Chairman Wellinghoff's statement on NARUC summer meetings international presentation on “A Shared Energy Vision for North America: Regulations, Markets, and the Environment”

“President Butler, fellow members of the Association, and NARUC meeting attendees: Good morning.  Thank you for inviting me to this discussion on “A Shared Energy Vision for North America.”  It’s a pleasure to be here among my colleagues from our three countries to discuss a topic of accelerating importance to regulators, legislators and consumers alike.

Vision

Well, we have come here to talk about a shared vision. And I have a vision of our energy future that I want to share with you this morning.

It is a vision for a future:

  • Where clean, affordable, and reliable energy are the everyday norm. And maybe we regulators have all retired!
  • Where energy efficiency, demand response, micro-generation, combined heat and power and other distributed resources are the first source of energy services for most consumers.
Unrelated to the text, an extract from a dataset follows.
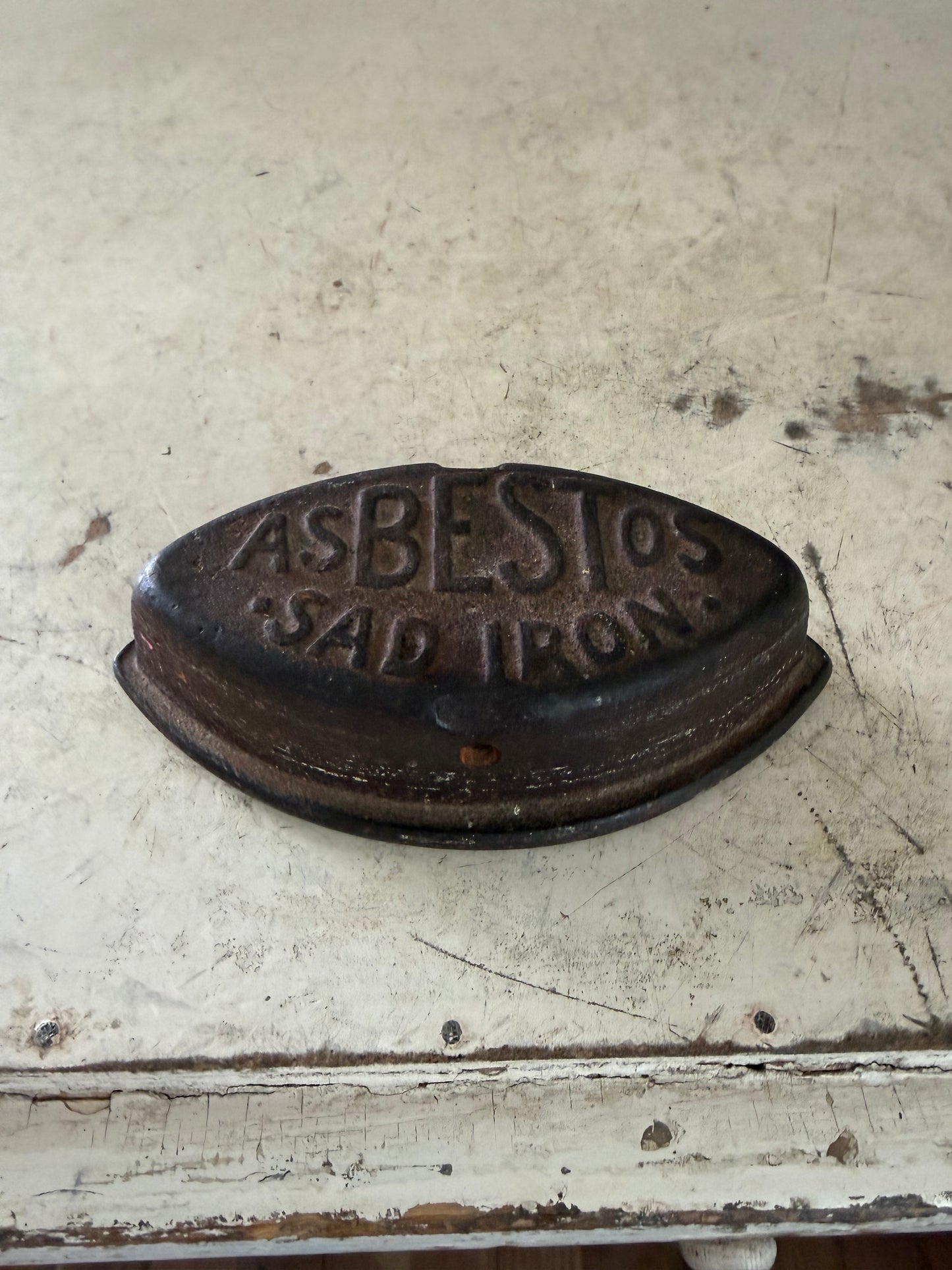 Antique Vintage Cast Iron Asbestos Sad Iron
And those distributed resources are fully supplemented with competitive procurement of large-scale wind, solar, hydro, geothermal and other renewable resources rounding out a significant share of our total energy resource mix for North America.
  • And where customers have robust and transparent interaction and control of the energy resources and services they use and rely on for their energy needs.

But to achieve this vision, the electric power industry and the natural gas industry will need to work together with their customers and their regulators to begin planning and operating in ways that differ significantly from the ways of the past.

Historically, the main industry goal was to plan for reliable energy services at least cost. We called this “Least-Cost Utility Planning” back in 1983 when I wrote one of the first comprehensive utility planning statutes as Nevada’s Consumer Advocate.

But times have changed radically in those 26 years. Now, the main driver must be smart planning for environmentally sustainable energy services that provide customer choice—as well as reliable service—at the least total economic and societal cost. Former externalities such as carbon and heat emissions must now be internalized as costs in the equation.

One way (and I pause to assure you there are potentially many others) to achieve this vision is to tailor our countries’ legislation and regulations to rely on robust competitive markets that can fully account for and incorporate the societal costs of sustaining our global environment. Such carefully structured market forces will guide which supply and demand options need to be developed for a sustainable future. But market forces cannot prevail to shape this future unless legislators and regulators act decisively and cooperatively to put the structure in place to achieve this vision.

Cooperation

And cooperation among governments and regulators is essential to achieve this vision. The Commission will continue to work together with our energy partners and neighbors in Canada and Mexico, and we will build upon and strengthen our federal-state partnerships here in the United States.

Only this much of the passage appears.